10-08-2020 17:36
Futbolowa susza w Zbylitowskiej Górze
Podobne tematy:
fot.: Henryk Świerczek
W niedzielne popołudnie redaktor Małogolski zjawił się na obiekcie w Zbylitowskiej Górze, gdzie tamtejszy Dunajec podejmował Olimpię Wojnicz.
 
Wraz z licznie zgromadzoną publiką oczekiwaliśmy, że piłkarze staną na wysokości zadania i pomimo tropikalnej aury zobaczymy niezły "okręgowy" mecz. Piłkarze obu drużyn zawiedli, bo tak trzeba rozumieć wynik 0-0 w V Lidze. Nie znamy dokładnych statystyk, jak często trafia się taki wynik na tym szczeblu rozgrywkowym, ale żyjemy nadzieją, że na taki mecz prędko "nie trafimy".
 
Pierwszy kwadrans to przewaga gospodarzy, którzy dwukrotnie sprawdzili świetnie dysponowanego bramkarza Olimpii. Najpierw uchronił gości przed stratą bramki po strzale Marcina Sędłaka po rzucie rożny, a następnie sparował na rzut rożny kąśliwy strzał z dystanu Łukasza Kazika. Oprócz tych piłkarskich sytuacji, uwagę kibiców zwróciła również prośba charyzmatycznego trenera-zawodnika Wacława Macioska o wiadro z wodą. Kilka minut po tej "akcji", zawodnicy Wojnicza wypracowali sobie najlepszą okazję w tym meczu, jednak dobijający piłkę z bliskiej odległości Wróbel znalazł się na spalonym.
 
Gdy zgromadzeni kibice na trybunach powoli usypiali, na zejście do środka zdecydował się Maciosek i obsłużył fantastycznym podaniem "hawajem" Mateusza Bibro.

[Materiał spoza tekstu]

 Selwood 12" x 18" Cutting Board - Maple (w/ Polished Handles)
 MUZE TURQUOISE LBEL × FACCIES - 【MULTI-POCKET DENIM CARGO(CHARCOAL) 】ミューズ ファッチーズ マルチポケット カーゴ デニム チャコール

Ten w sytuacji sam na sam chciał to wykończyć równiez zewnętrzną częścią stopy, ale strzał minimalnie minął "okienko" bramki. Gol kolejki był blisko, brakło dosłownie centymetrów. Do końca pierwszej połowy nie oglądaliśmy już wartych odnotowania akcji.
 
Po upływie pięciu minut drugiej połowy znów dał znać o sobie duet Maciosek-Bibro. Grający trener Wacław dośrodkował w punkt, na głowę napastnika Dunajca, jednak ten z 5 metrów fatalnie chybił po strzale głową. W 60 minucie gracze gospodarzy "skopiowali" akcję swoich rywali z pierwszej połowy i również zdobyli bramkę z pozycji spalonej.
 
Z ostatnich minut spotkania trzeba odnotnować rollercoaster z 75. minuty. Gracze Zbylitowskiej Góry po rzucie rożnym w jednej akcji potafili stworzyć sobie 3 doskonałe okazje do zdobycia bramki. Z zamieszania podbramkowego z podniesioną rękawicą wyszedł golkiper gości - Piotr Kwiecień, który został wybrany jednogłośnie zawodnikiem tego meczu. Na domiar złego brak skuteczności mógł się szybko zemścić, gdyż po nieudolnych strzałach Dunajca, z kontra 3 na 2 od połowy wyszli goście. Wychodzącego sam na sam Józefa Wróbla, powstrzymał świetnie bramkarz gospodarzy Kamil Jewuła.
 
Bezbramkowy spektakl w Zbylitowskiej Górze z pewnością lepiej przyjęli goście, którzy w okrojonym składzie, praktycznie bez ławki rezerwowych, zdobyli cenny punkt po porażce w swoim pierwszym spotkaniu.